Quality over Quantity (QoQ) is a data-centric robot learning framework that curates high-quality demonstrations using Influence Functions. By defining data quality as the contribution of a training sample to reducing validation loss, QoQ achieves state-of-the-art performance, outperforming baselines by up to 30% in real-world success rates.
TL;DR
Training robots on "more" data is often counterproductive if the data is noisy or suboptimal. QoQ (Quality over Quantity) introduces a systematic way to prune robot demonstration datasets by using Influence Functions. Instead of guessing which data is "good" based on visual similarity, QoQ mathematically estimates how much each trajectory reduces the model's loss on a target task. Results show a massive jump in success rates (up to 30%) by training on less but better data.
The Curation Crisis in Robot Learning
The current "scaling law" obsession in robotics assumes that more teleoperated demonstrations lead to better Generalist Robot policies. However, human operators are inconsistent—they hesitate, make mistakes, and take suboptimal paths.
Prior work attempted to solve this using:
- Retrieval-based methods: Finding data that "looks" like expert data in a latent space (VAE).
- Mutual Information: Selecting data with high state-action predictability.
The catch? These are proxy metrics. Just because a trajectory looks like an expert's doesn't mean it helps the neural network learn the underlying physics or logic of the task.
The Core Insight: Influence as Quality
The authors argue that quality = contribution to performance. If adding a specific demonstration helps the robot achieve a lower loss on a "perfect" validation set, that data is high quality.

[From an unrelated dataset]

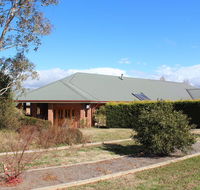 Gundaroo Manor Bed  Breakfast - Mackay Tourism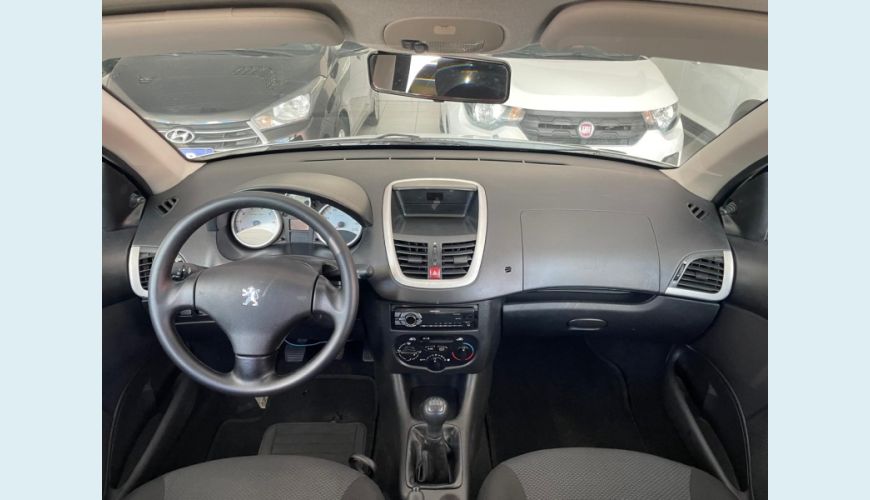 PEUGEOT 207 1.4 ACTIVE 8V FLEX 4P MANUAL - BRANCO - 2014 Foto 9 (Grande)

Mapping the Math to Intuition
QoQ uses a first-order approximation of Influence Functions. Usually, calculating the change in model parameters for every data point requires calculating a massive Hessian matrix (second-order derivatives), which is impossible for modern VLAs with billions of parameters.
QoQ bypasses this using normalized gradient inner products:
Instead of averaging influence across the whole validation set (which adds noise), QoQ looks for the Maximum Influence. It asks: "Is this training step highly relevant to AT LEAST ONE step in my 'perfect' demonstration?"
Fig 1: The QoQ pipeline. Gradients from the training data are compared to validation gradients. Green indicates a helpful "push" toward the desired behavior.
Two Key Innovations for Robotics
1. Maximum Influence Scoring
Unlike standard influence estimation in NLP, robot trajectories are long sequences of divergent behaviors (reaching, grasping, lifting). Averaging these signals washes out the useful information. By taking the max, QoQ identifies specific "critical moments" (like the exact moment of a grasp) where the training data provides the most value.
2. Trajectory-wise Curation
Neural networks are sensitive to distribution shifts. If you only pick the "best" individual state-action pairs, you end up with a dataset full of "grasping" frames but no "reaching" frames. This creates a broken policy. QoQ aggregates scores across a whole trajectory, ensuring the robot learns a coherent start-to-finish behavior.
Results: Turning 50% Success into 99%
The researchers tested QoQ against "Behavior Retrieval" and "Flow Retrieval" across simulations and real Franka robots.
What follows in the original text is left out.